- Prompt -
Return the full set of entries below exactly, leaving every image out.

=== Begin Enclosure ===

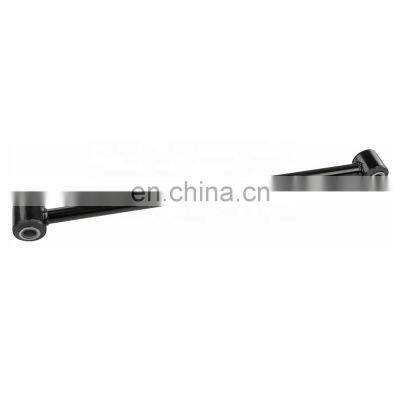 55121-8H510 High Quality Factory Auto Part For Nissan Parts Front Control Arm for Nissan X-Trail 05-07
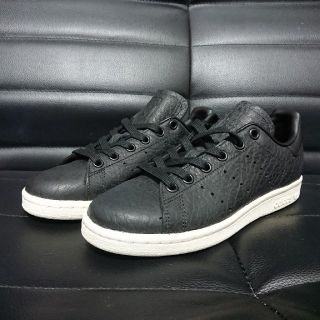 アディダス(adidas)の【正規品】スタンスミス stansmith(スニーカー)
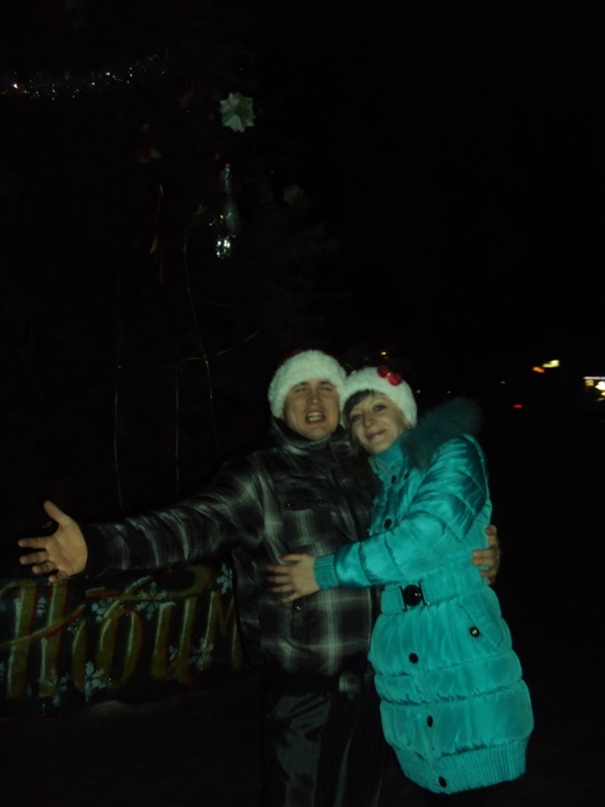 Роман Мельниченко | Богуслав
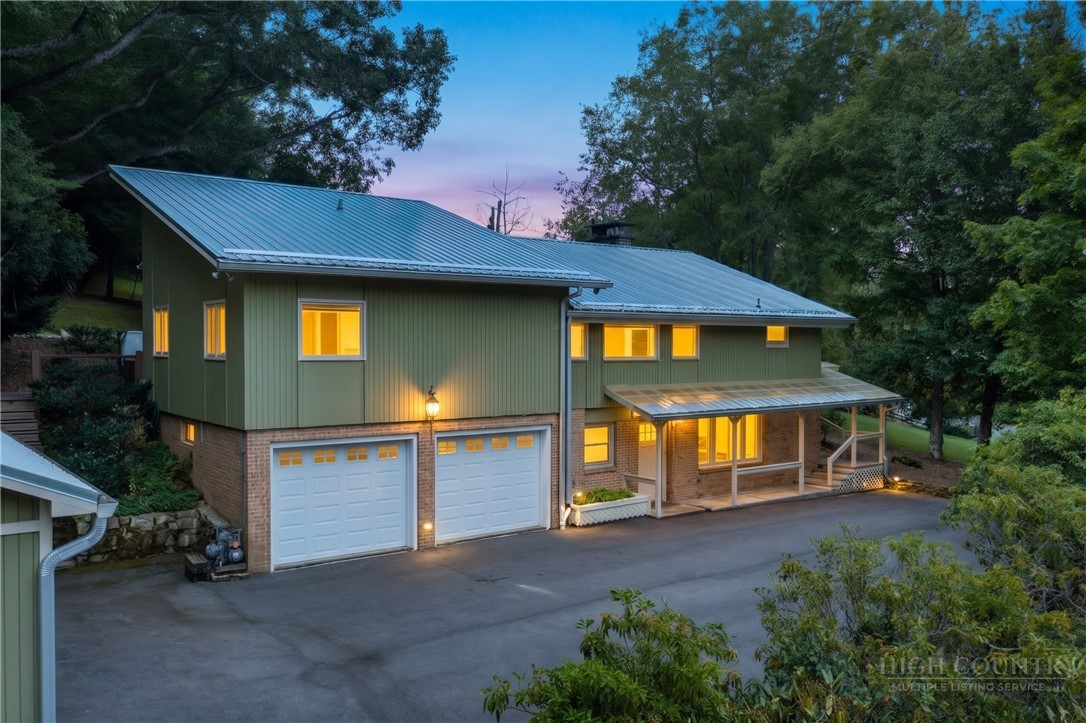 362 Blairmont Drive — photo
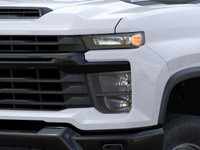 Welcome To Sherwood Park Chevrolet. The #1 Volume Chevrolet Dealer in Canada. This Chevrolet SILVERA... (image 9)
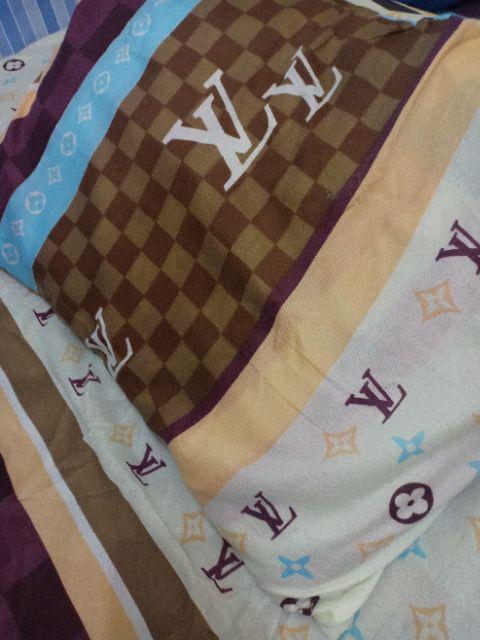 Sprei Uk 120x200x20 1 Sarban 1 Sargul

=== End Enclosure ===

- Written solution -
 55121-8H510 High Quality Factory Auto Part For Nissan Parts Front Control Arm for Nissan X-Trail 05-07
 アディダス(adidas)の【正規品】スタンスミス stansmith(スニーカー)
 Роман Мельниченко | Богуслав
 362 Blairmont Drive — photo
 Welcome To Sherwood Park Chevrolet. The #1 Volume Chevrolet Dealer in Canada. This Chevrolet SILVERA... (image 9)
 Sprei Uk 120x200x20 1 Sarban 1 Sargul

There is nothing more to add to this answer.